A Chillingly Good Film


Courtesy Photo

Doug Laman, Staff Reporter/Movie Critic

After spending an entire month reviewing all 52 of Disney’s animated feature films, I’ve come to the conclusion that the reason so many of their movies resonate so well is the same reason all good cinema and art connects with us; they show our basic human emotions, insecurities and personalities in a way that’s both accessible and profound. There’s layers and joy to the characters in their films, and things are no different for their 53rd film, Frozen, which handily joins the ranks as not only one of Disney’s best films, but one of the best movies I’ve seen in recent years.


Anna (Kristen Bell) and Elsa (Idina Menzel) are sisters who seem normal except for two factors; both are of royal heritage, with Elsa due to be named Queen of their kingdom any day now.  On top of that Elsa has to deal with her special and magical powers that allow her to conjure up ice at will. Her powers force her to be isolated from her sister and the world, leading to feelings of rejection and loneliness that swell up inside her until she unleashes her icy powers on her kingdom. Trapping the kingdom and it’s inhabitants in an eternal winter, it’s up to Elsa, along with Kristoff (Jonathan Groff), a plucky reindeer named Sven and an endlessly optimistic snowman named Olaf (Josh Gad) to save their kingdom and Elsa.

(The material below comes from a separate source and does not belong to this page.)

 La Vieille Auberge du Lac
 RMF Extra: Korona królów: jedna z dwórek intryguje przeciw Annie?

It’s tough to write about a film like Frozen; the amount of hyperbolic positive comments I want to make here would likely create gigantic expectations that could never be met. And yet, I have a feeling this glorious film would not only meet such expectations, but shatter them. Taking an 1845 story by Hans Christian Anderson, music written by the couple who helped bring Avenue Q to life, and an inadvertently suicidal snowman, and has these (among many other) elements collide to craft a piece of perfect filmmaking. Much of this perfection has to be attributed to the screenplay by Jennifer Lee, which is full of ingenious character moments, witty dialogue and some simultaneously economic and unexpected storytelling choices that makes the film wildly unpredictable (it also deserves praise for incorporating two references to Arrested Development). Every character in this story has layers of depth to them, to the point where they stop being simply cinematic characters and become actual human beings. In their moments of crisis and triumph, we feel a connection that only the best writing can create.

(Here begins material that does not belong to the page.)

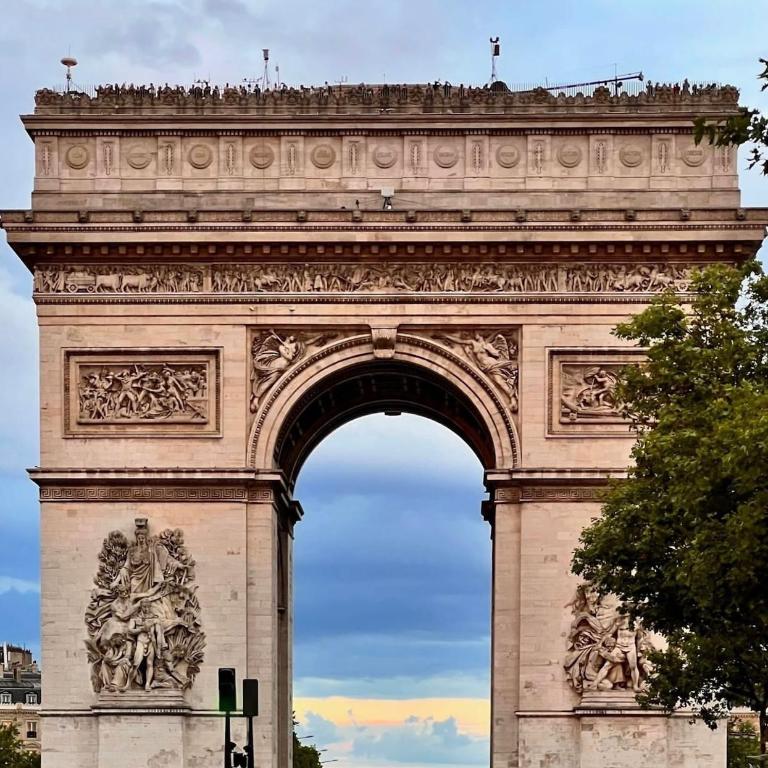 Luxury and Exclusive 130sqm estate 4m ceilings with garden view near Arc de Triomphe and Palais des Congrès - Appartement 2 Chambres - 2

The directors, Jennifer Lee again and Chris Buck, also help bring the movie to vivid life, with several crafty director choices (a single shot that takes us through the entire kingdom of Arrendelle is a particular highlight) and also keeps the film going at a fast, yet acceptable pace, one that allows us to take in these protagonists and the many dazzling environments they encounter. Of course, they’re helped out by the high caliber voice acting, with Idina Menzel being a fantastic choice to tackle Elsa, keeping the character grounded and yet fascinating in her more mystical moments. Kristen Bell is perfect as the delightfully awkward Anna, who feels like one of the more realistic characters Disney has ever made (I particularly love it when she sings about how she’s so nervous she just wants to stuff her face with chocolate. I feel ya girl!) Jonathan Groff, Alan Tudyk and Santino Fantina brings levels of brilliance to their characters, but the very best comes in the form of Josh Gad as Olaf.


Olaf, who enters the film midway through, always has a smile on his face and embraces every situation with aplomb. No matter what, he does whatever he can to make every situation as good as he can. Practically created with the very essence of euphoria, he’s responsible for many of the films best and funniest moments, while simultaneously standing in as a representation of Elsa and Anna’s relationship. The only other thing in the film that even comes close to being as good as the entirety of Olaf is the music, which is written by Robert and Kristen Anderson-Lopez; a major highlight of the film. Whether it’s a powerful ballad for Elsa’s character, a hilarious tune for Olaf describing his dream or Anna proclaiming her excitement, it’s easily one of the best soundtracks ever created for a Disney musical and is easily one of the best musical soundtracks in recent memory.

From the clever short film Get A Horse! that opens the film to the breathtaking animation, this film is funnier than any other comedy I’ve encountered this year. The only thing that’s left to say is this: go see Frozen right away. The most joyous time I’ve spent in a theatre in years, it’s impossible for any cognitive being to walk away from this film with anything less than a gigantic smile and a song stirring in ones heart. Reminding us of the power of Disney, film and snow, Frozen is nothing short of an epic cinematic achievement that we’ll be talking about for decades to come.